> Task details: Nothing but the lines below from the one with "Walk in closet" through the one with "Soft fabric hair" should be output, each exactly as given, and no pictures.

> Data extracts:
☆ ☆ ☆ ☆ ☆
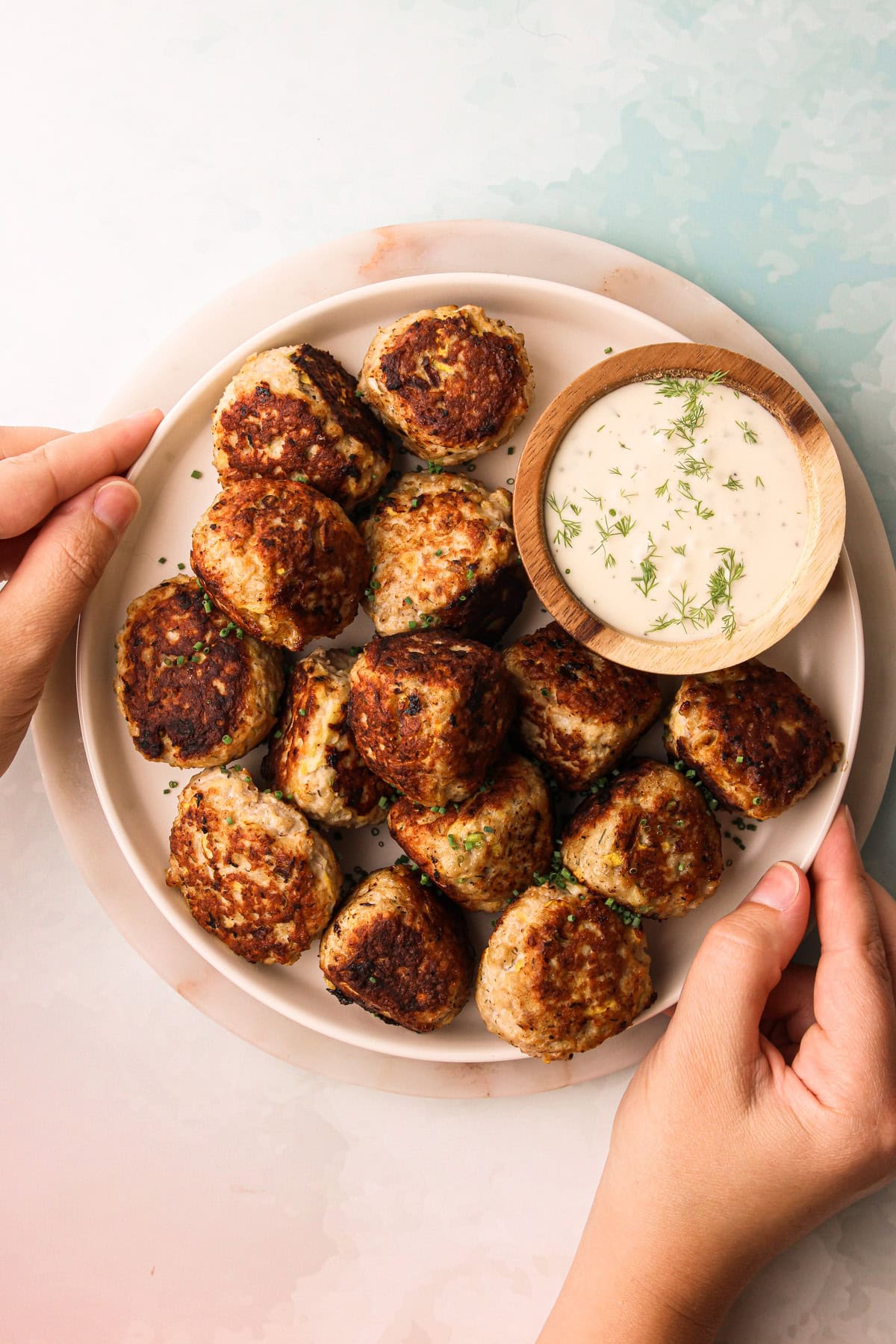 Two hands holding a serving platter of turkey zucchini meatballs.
☆ ☆ ☆ ☆ ☆
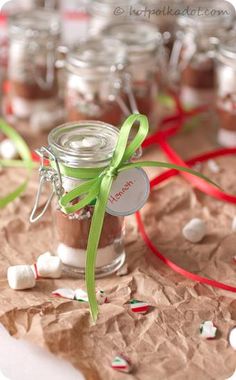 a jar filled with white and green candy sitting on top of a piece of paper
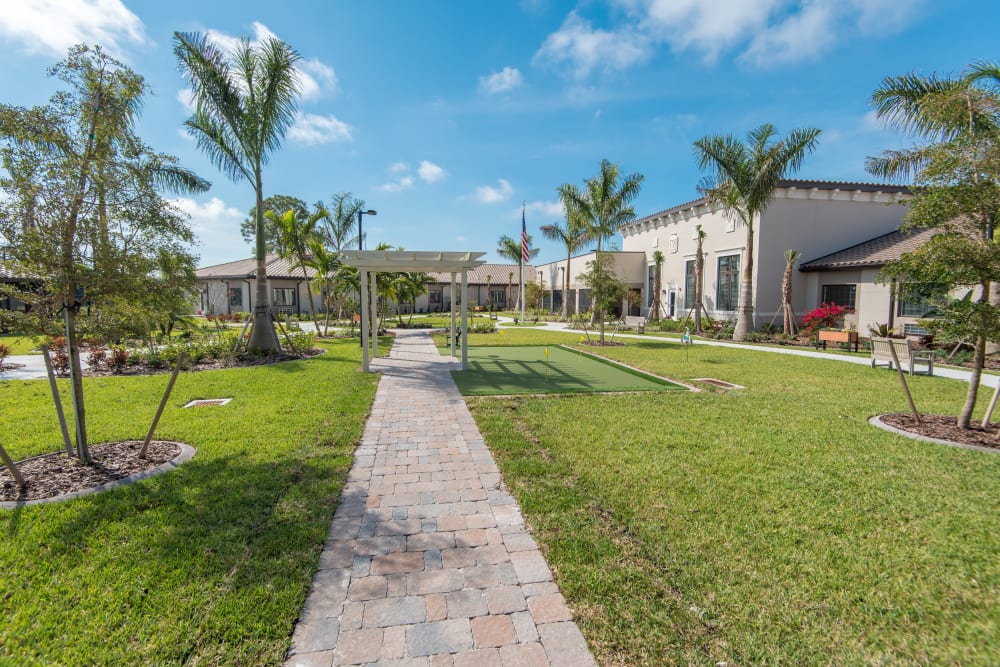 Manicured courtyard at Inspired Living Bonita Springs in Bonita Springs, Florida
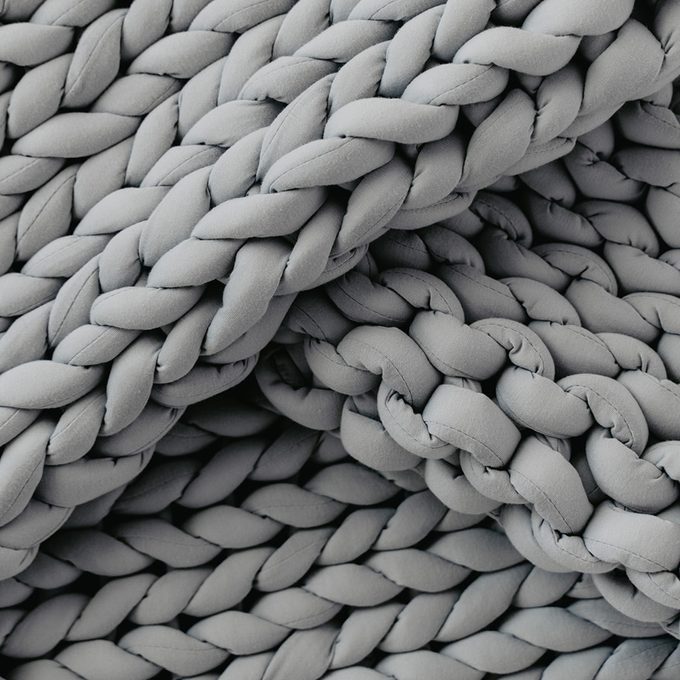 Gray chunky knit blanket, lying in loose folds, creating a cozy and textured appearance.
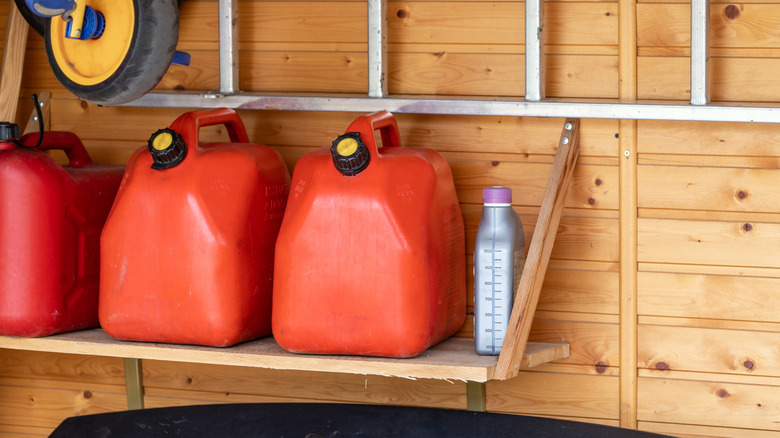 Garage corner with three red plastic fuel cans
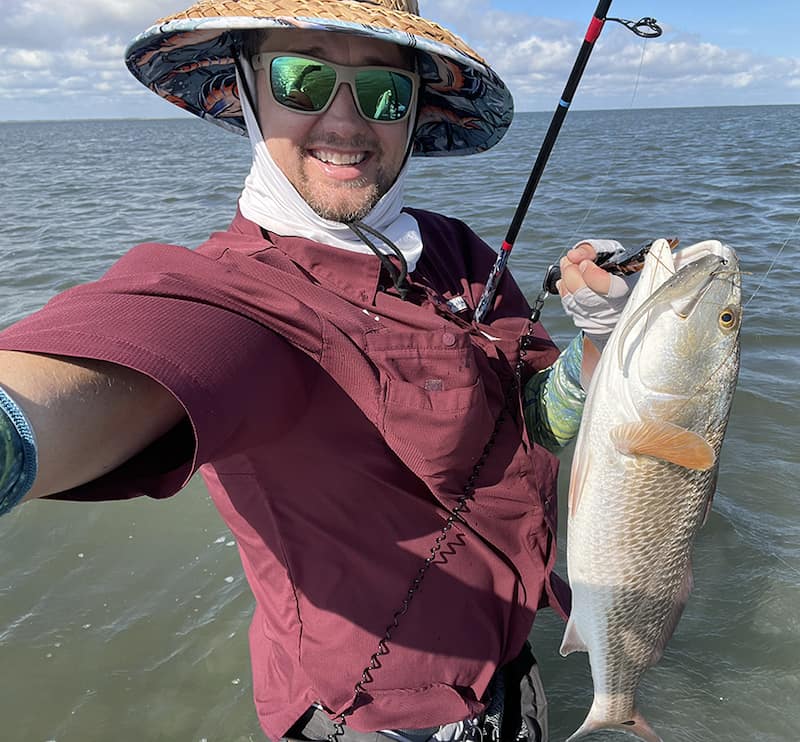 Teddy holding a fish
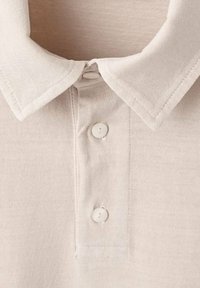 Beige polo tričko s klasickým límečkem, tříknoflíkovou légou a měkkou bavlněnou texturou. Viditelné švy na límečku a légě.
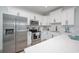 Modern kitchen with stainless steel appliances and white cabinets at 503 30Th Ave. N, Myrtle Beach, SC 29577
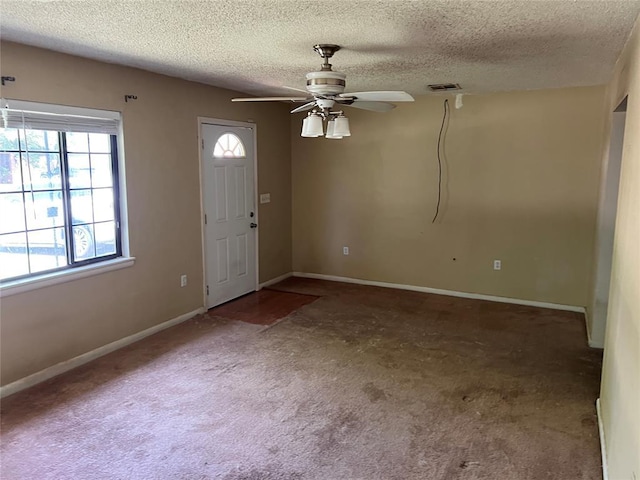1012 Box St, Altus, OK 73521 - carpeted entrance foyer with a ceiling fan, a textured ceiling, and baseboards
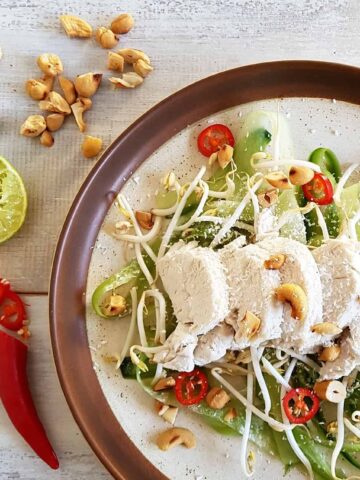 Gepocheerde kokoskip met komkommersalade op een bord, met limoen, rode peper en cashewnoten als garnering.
☆ ☆ ☆ ☆ ☆
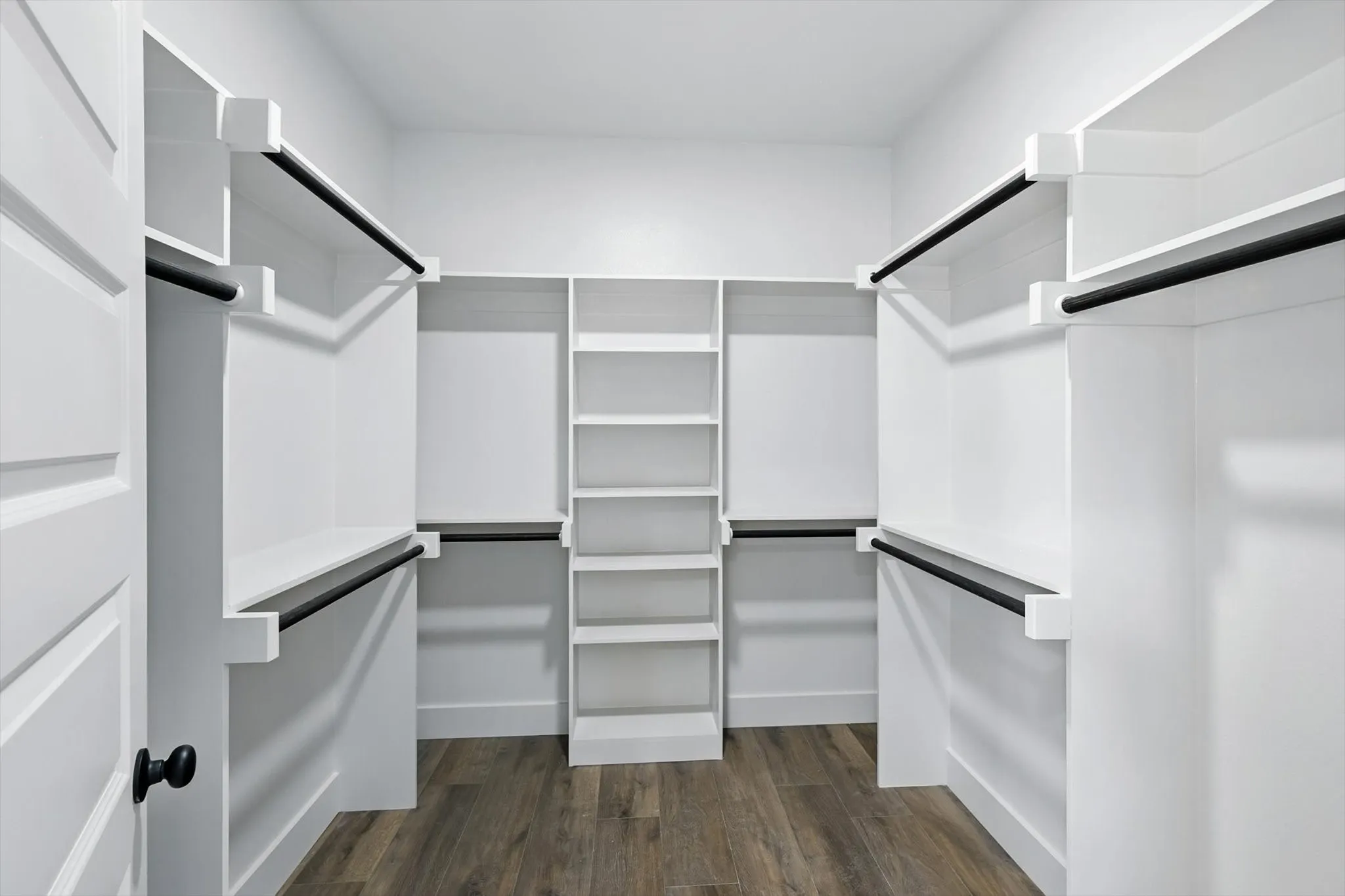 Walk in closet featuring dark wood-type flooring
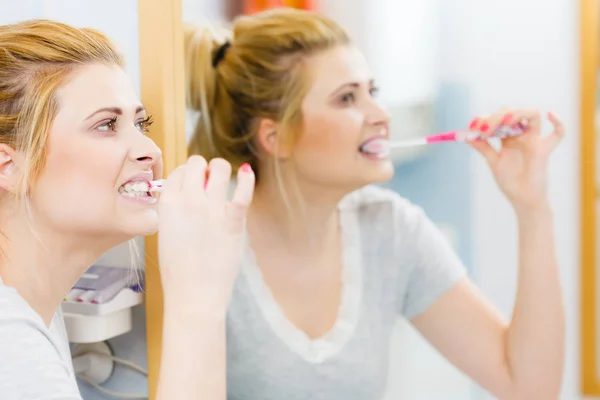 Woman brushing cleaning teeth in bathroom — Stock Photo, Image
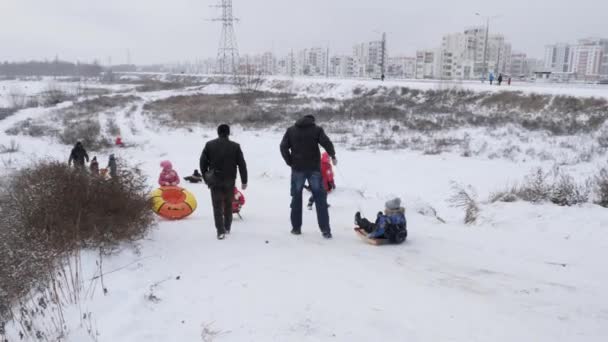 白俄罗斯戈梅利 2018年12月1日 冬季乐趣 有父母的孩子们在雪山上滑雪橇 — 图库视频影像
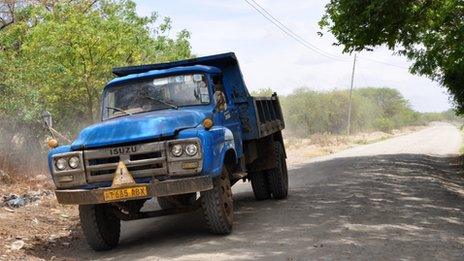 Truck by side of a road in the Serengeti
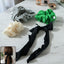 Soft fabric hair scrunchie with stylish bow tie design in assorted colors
☆ ☆ ☆ ☆ ☆
> Answer to the exercise:
 Walk in closet featuring dark wood-type flooring
 Woman brushing cleaning teeth in bathroom — Stock Photo, Image
 白俄罗斯戈梅利 2018年12月1日 冬季乐趣 有父母的孩子们在雪山上滑雪橇 — 图库视频影像
 Truck by side of a road in the Serengeti
 Soft fabric hair scrunchie with stylish bow tie design in assorted colors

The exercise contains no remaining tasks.